The room you install today is a one-time invoice. Run it as a managed service and it renews every year. Your relationship, your margin, our platform underneath. Two starter tiers below. Pick the one that fits how you sell.
Why this matters
The shops getting bought at the best multiples aren't the ones with the biggest install backlog. They're the ones with the deepest book of service contracts. APEX is how you build that book without standing up a monitoring stack of your own.
stickier customers
A client on a service contract doesn't go shopping for another integrator. They just renew.
higher valuation
Buyers pay 2-3x on project revenue, 8-12x on recurring. Same client, very different multiple.
zero infra cost
Nothing to build. APEX already syncs Cisco Control Hub, with MS Graph, Q-SYS Reflect, and Tesira on the roadmap.
refresh pipeline
Lifecycle data flags the next refresh 12-18 months out. You see it before the client does.

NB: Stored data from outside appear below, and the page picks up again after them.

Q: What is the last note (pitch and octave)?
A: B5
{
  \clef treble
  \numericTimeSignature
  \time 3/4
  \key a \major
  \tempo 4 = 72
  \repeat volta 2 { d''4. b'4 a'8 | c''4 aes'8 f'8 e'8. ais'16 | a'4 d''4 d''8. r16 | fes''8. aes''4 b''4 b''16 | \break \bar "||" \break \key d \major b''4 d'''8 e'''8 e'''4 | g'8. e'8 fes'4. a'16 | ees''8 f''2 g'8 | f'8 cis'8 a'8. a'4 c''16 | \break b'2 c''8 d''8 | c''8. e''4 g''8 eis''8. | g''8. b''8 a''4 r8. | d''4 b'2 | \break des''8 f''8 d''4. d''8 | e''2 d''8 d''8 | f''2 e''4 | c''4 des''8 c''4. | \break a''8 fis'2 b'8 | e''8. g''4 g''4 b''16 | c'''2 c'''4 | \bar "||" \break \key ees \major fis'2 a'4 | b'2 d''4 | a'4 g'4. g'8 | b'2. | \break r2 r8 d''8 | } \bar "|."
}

Revenue multiples and valuation figures above are illustrative industry ranges, not a guarantee of any outcome. Actual results vary by deal.
Two starter tiers
Two tiers, no haggling. Both go live at Phase 2 Day 0 (August 2026).
You own the relationship. You quote, sign, and handle Tier 1 support. You bill the client, we bill you at the discount. For shops that already have the trust and want the whole experience in their hands.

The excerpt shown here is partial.